%%

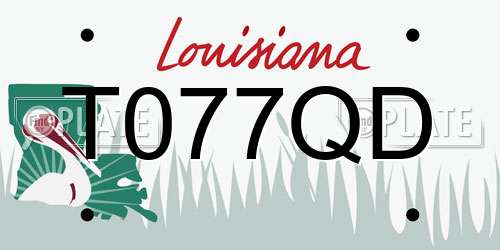 T077QD Louisiana License Plate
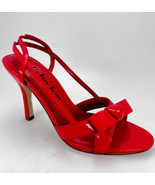 Alisha Hill Angelina Red 3&quot; High Heel Women&#39;s Shoes Patent Bow Sandal Si... - $39.66 CAD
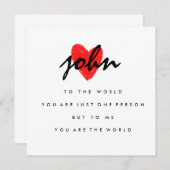 彼パーソナライズされたのためのバレンタインのカード (正面/裏面)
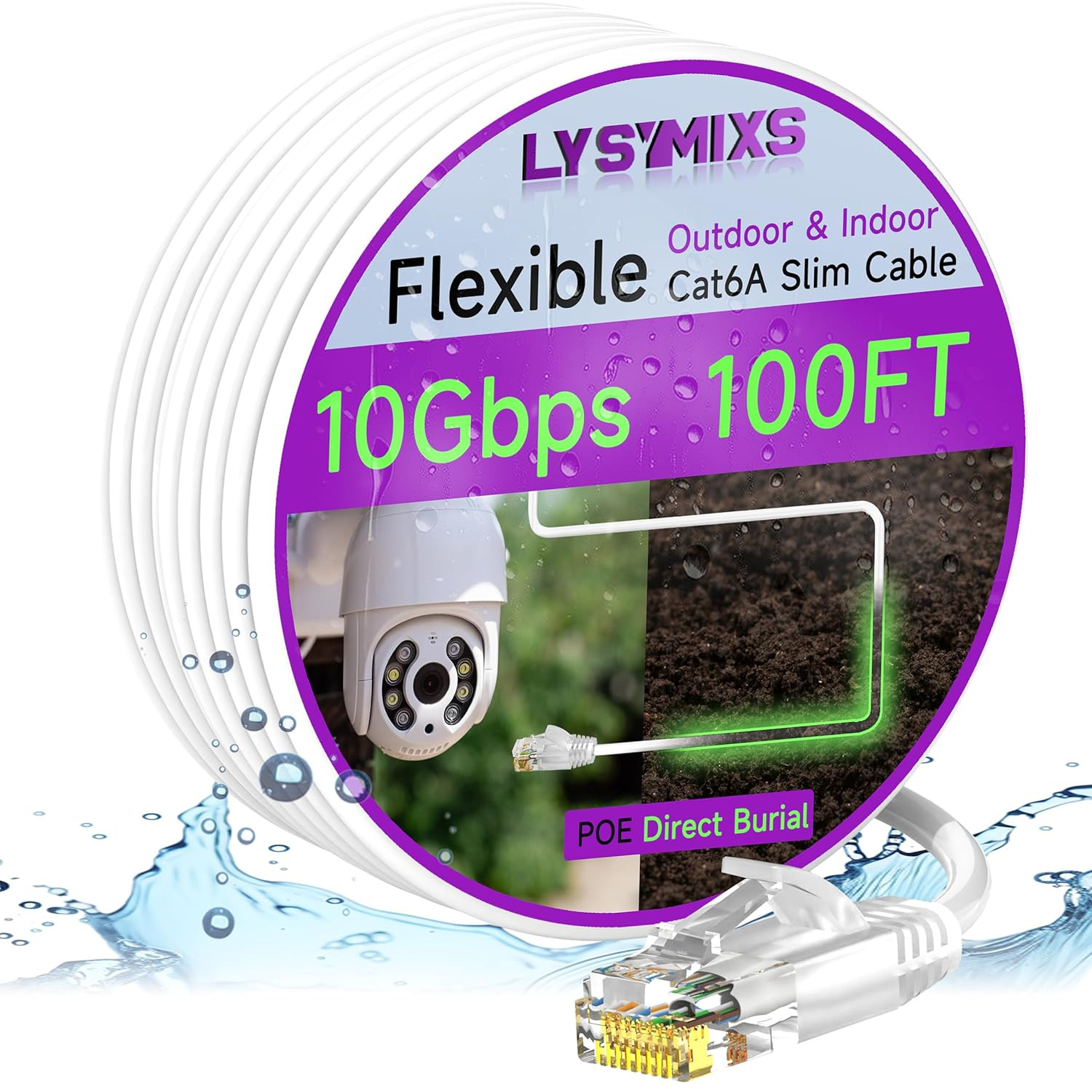 100Ft Cat6A Slim Ethernet Cable, 10G Waterproof LLDPE, Pure Copper, White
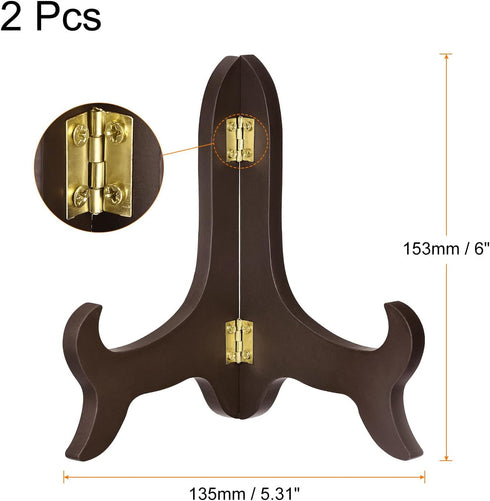 uxcell 2pcs 6" Easel Plate Holder, Wooden Folding Display Stand Brown for Decorative Picture Frame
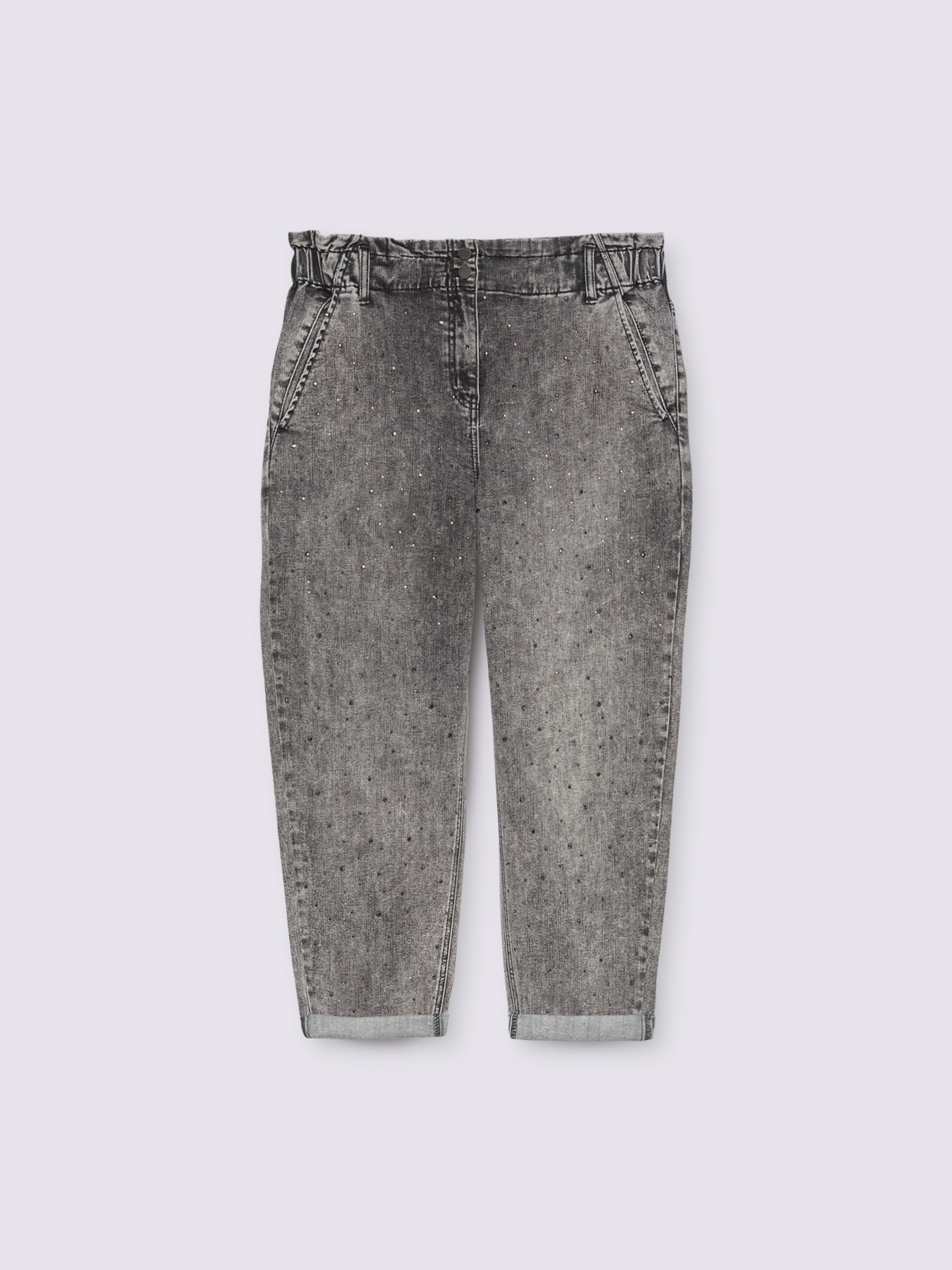 Balloon-Jeans im Used-Look mit leuchtenden Applikationen image number 5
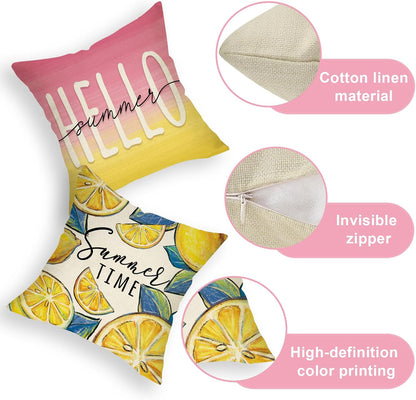Hello Summer Lemon Decorative Throw Pillow Covers 18 x 18 Set of 4, Summer Vibes Fruit Pink Yellow Cushion Case Decor, Seasonal Home Decoration for Sofa Couch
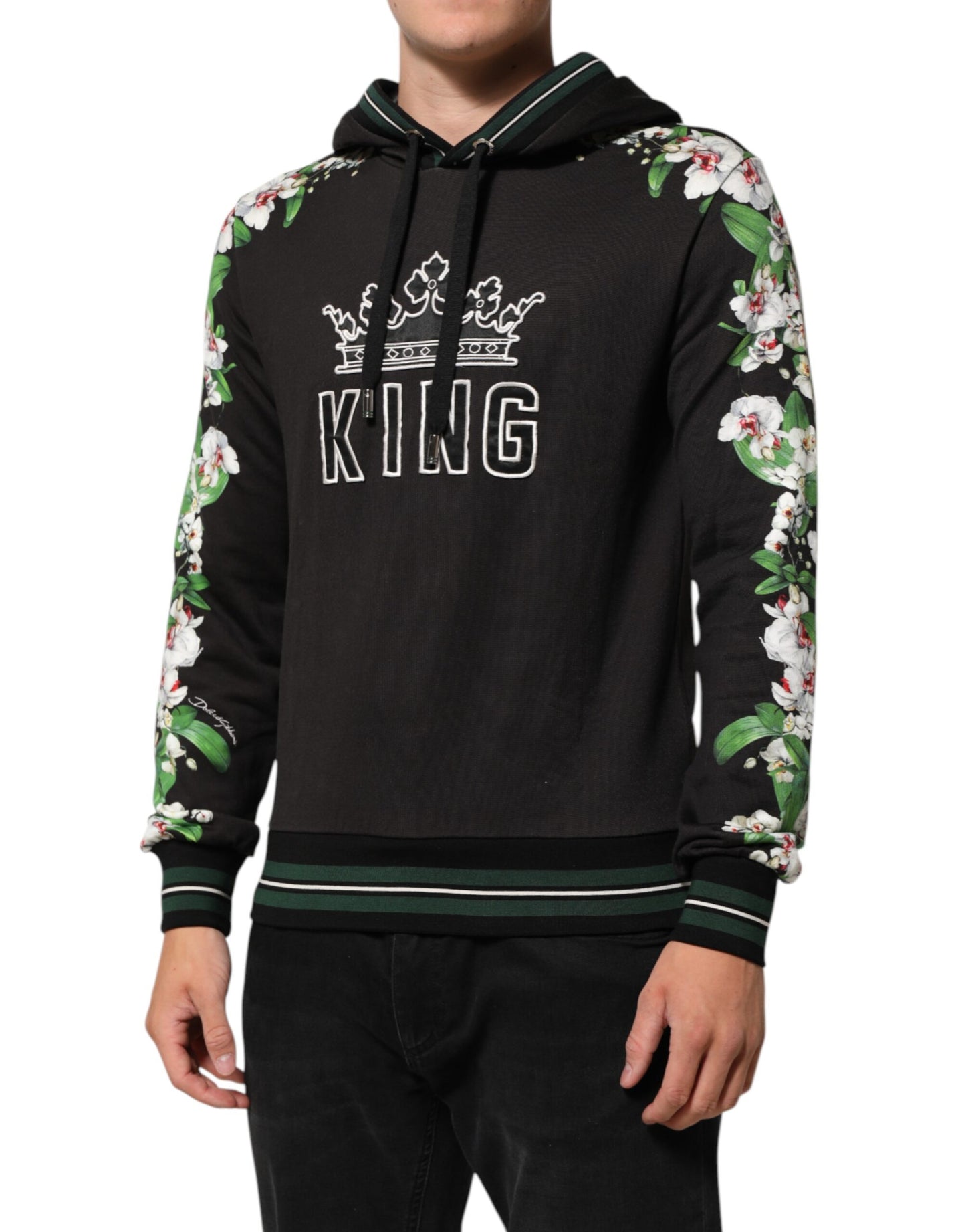 Dolce &amp; Gabbana – KING – Kapuzenpullover mit Blumenkrone und Logo in Schwarz mit Orchideenmuster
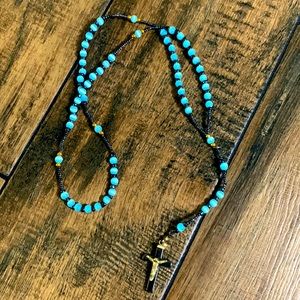 Handmade Rosary with Blue Glass Beads and Hematite Cross and Beads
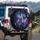 Iridescent Butterflies Luminous Fantasy Flowers Cosmic Night Sky - Nature Lover Gift Spare Tire Cover - 3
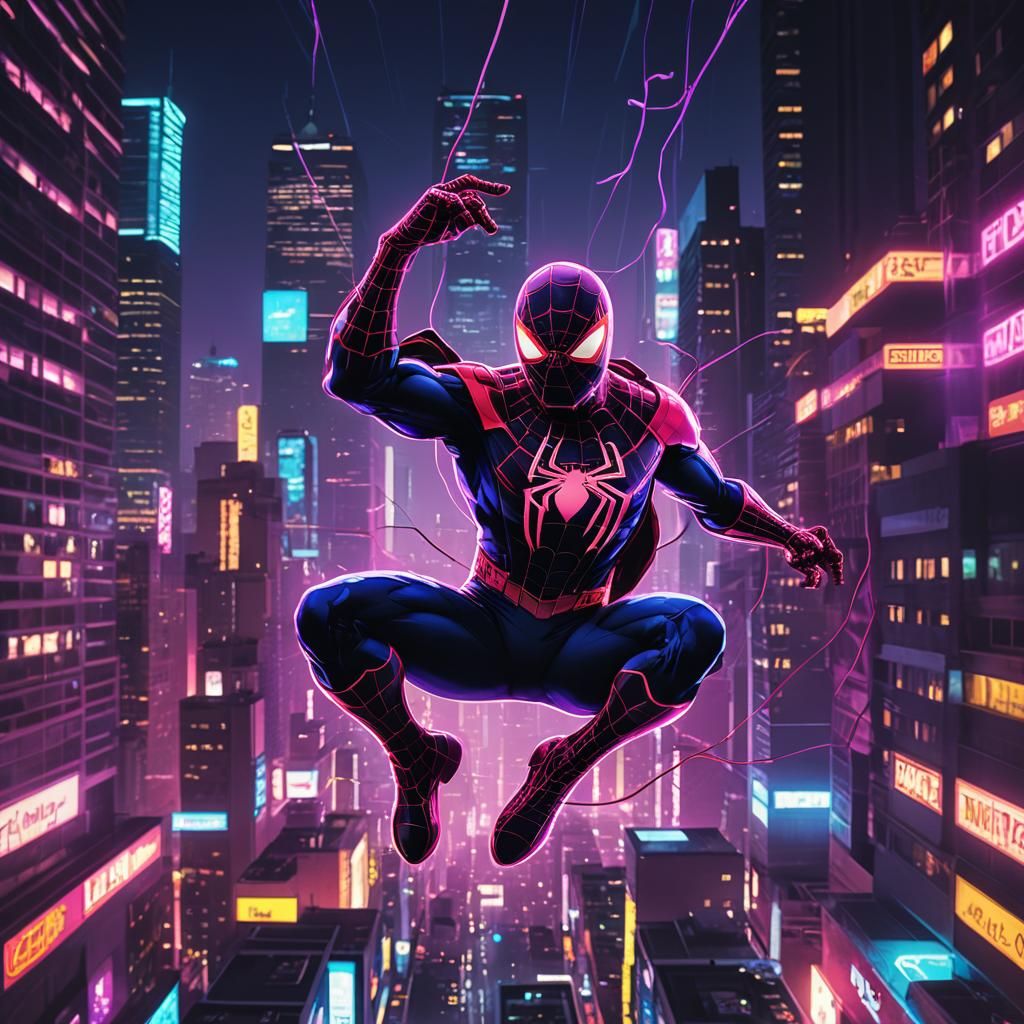 Spiderman Swings Through Neon City in Synthwave Style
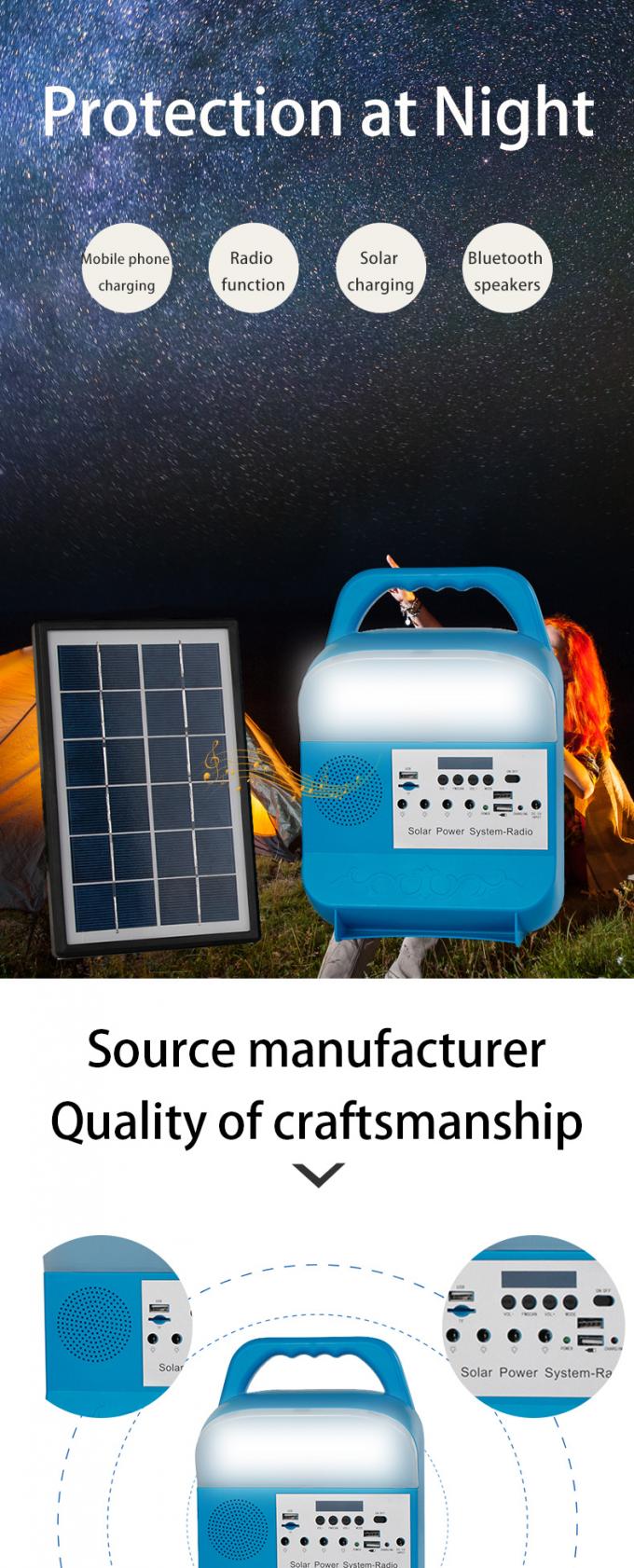 Sistema pequeno da geração das energias solares que ilumina o orador portátil do comércio externo Bluetooth do agregado familiar com rádio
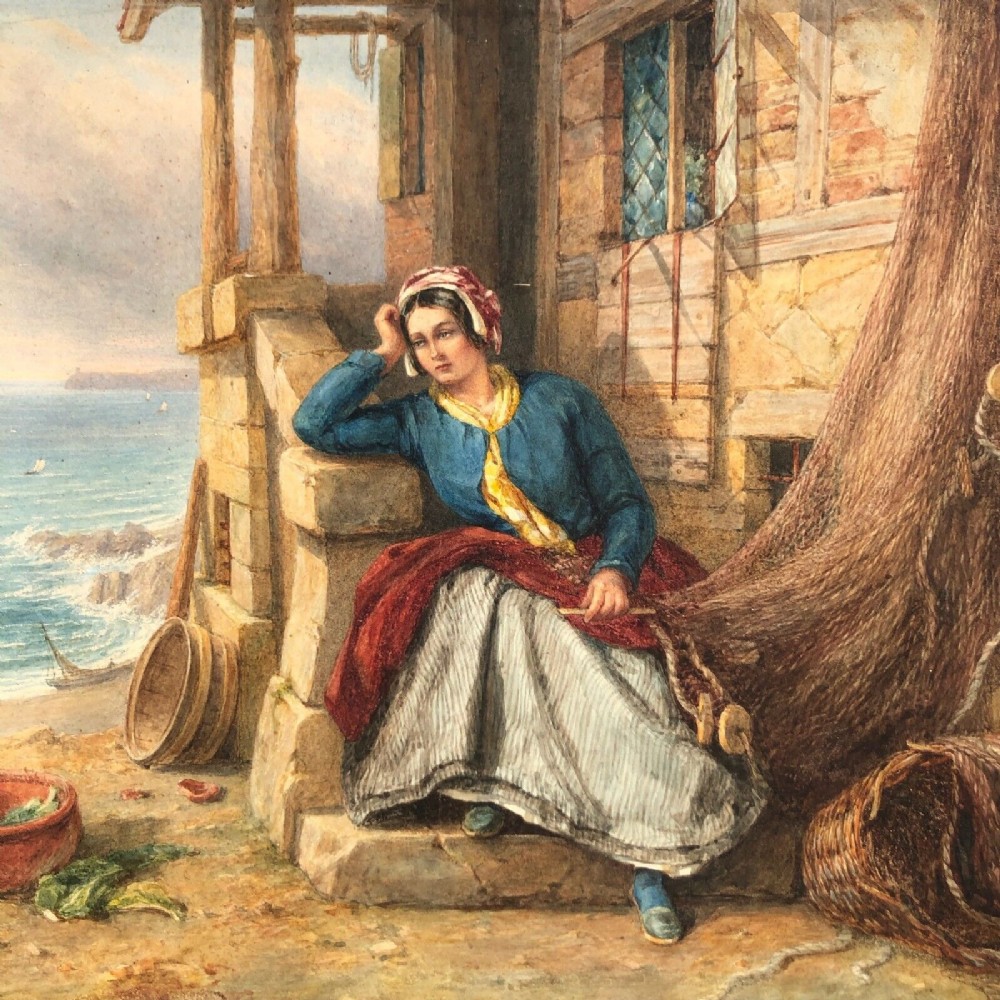 Fanny Blake 1863 Signed Original English Antique Watercolour Painting Portrait of Fisher Woman Mending the Nets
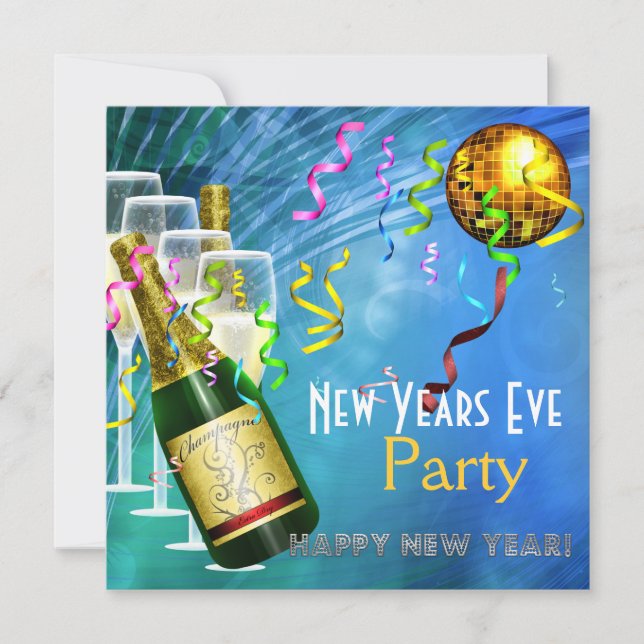Invitation Party New Years Eve Blue Gold (Front)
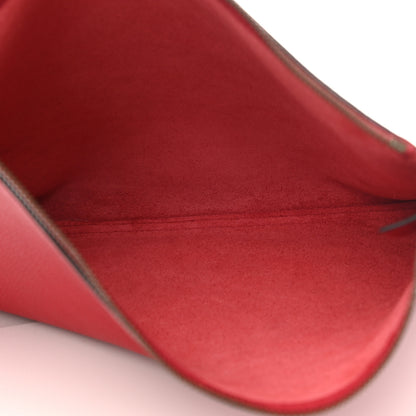 Gucci Pebbled Calfskin Medium Logo Portfolio Clutch Hibiscus Red 5 of 9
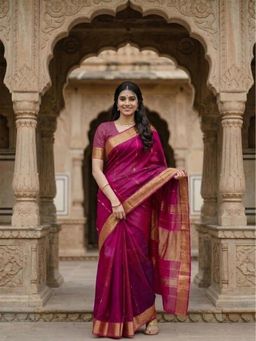Anjaneya Sarees - Wine Designer Cotton Silk Zari Woven Saree with Unstitched Blouse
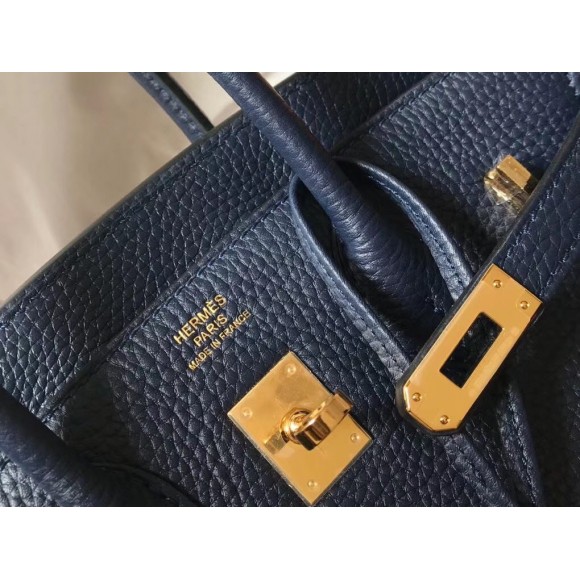 H**mes birkin 25 bag in navy blue clemence leather with ghw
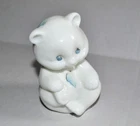 Fenton Milk Glass Bear/Flowers 3.5" Hand-painted Artist Signed+STICKER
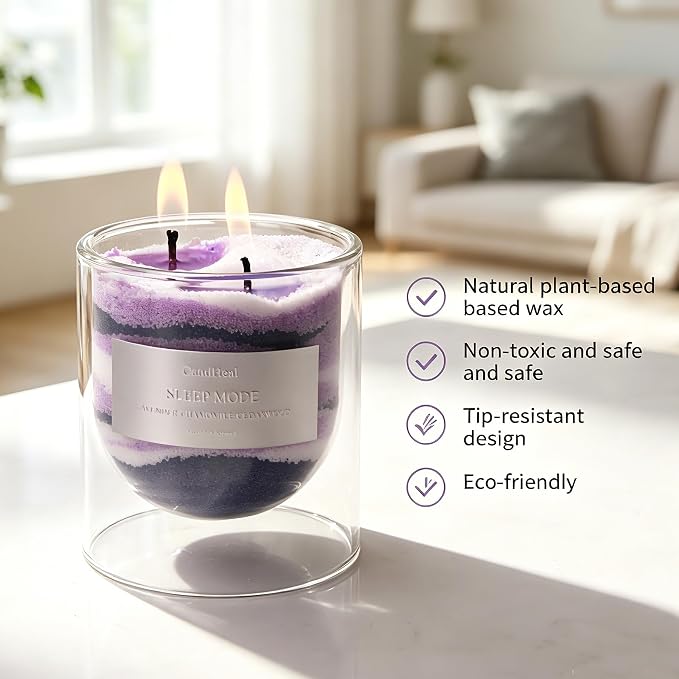 CandHeal Pearled Candle Sand with Wicks,3.3 lb Rose & Violet Scented Candle Sand Wax,DIY Candle Making,Clean Burning, Long-Lasting Home Décor Gifts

%%

What is needed here is an exact copy of every record, with the pictures left out.

RESULT OF THE TASK:
 T077QD Louisiana License Plate
 Alisha Hill Angelina Red 3&quot; High Heel Women&#39;s Shoes Patent Bow Sandal Si... - $39.66 CAD
 彼パーソナライズされたのためのバレンタインのカード (正面/裏面)
 100Ft Cat6A Slim Ethernet Cable, 10G Waterproof LLDPE, Pure Copper, White
 uxcell 2pcs 6" Easel Plate Holder, Wooden Folding Display Stand Brown for Decorative Picture Frame
 Balloon-Jeans im Used-Look mit leuchtenden Applikationen image number 5
Hello Summer Lemon Decorative Throw Pillow Covers 18 x 18 Set of 4, Summer Vibes Fruit Pink Yellow Cushion Case Decor, Seasonal Home Decoration for Sofa Couch
 Dolce &amp; Gabbana – KING – Kapuzenpullover mit Blumenkrone und Logo in Schwarz mit Orchideenmuster
 Handmade Rosary with Blue Glass Beads and Hematite Cross and Beads
 Iridescent Butterflies Luminous Fantasy Flowers Cosmic Night Sky - Nature Lover Gift Spare Tire Cover - 3
 Spiderman Swings Through Neon City in Synthwave Style
 Sistema pequeno da geração das energias solares que ilumina o orador portátil do comércio externo Bluetooth do agregado familiar com rádio
 Fanny Blake 1863 Signed Original English Antique Watercolour Painting Portrait of Fisher Woman Mending the Nets
Invitation Party New Years Eve Blue Gold (Front)
 Gucci Pebbled Calfskin Medium Logo Portfolio Clutch Hibiscus Red 5 of 9
Anjaneya Sarees - Wine Designer Cotton Silk Zari Woven Saree with Unstitched Blouse
 H**mes birkin 25 bag in navy blue clemence leather with ghw
 Fenton Milk Glass Bear/Flowers 3.5" Hand-painted Artist Signed+STICKER
 CandHeal Pearled Candle Sand with Wicks,3.3 lb Rose & Violet Scented Candle Sand Wax,DIY Candle Making,Clean Burning, Long-Lasting Home Décor Gifts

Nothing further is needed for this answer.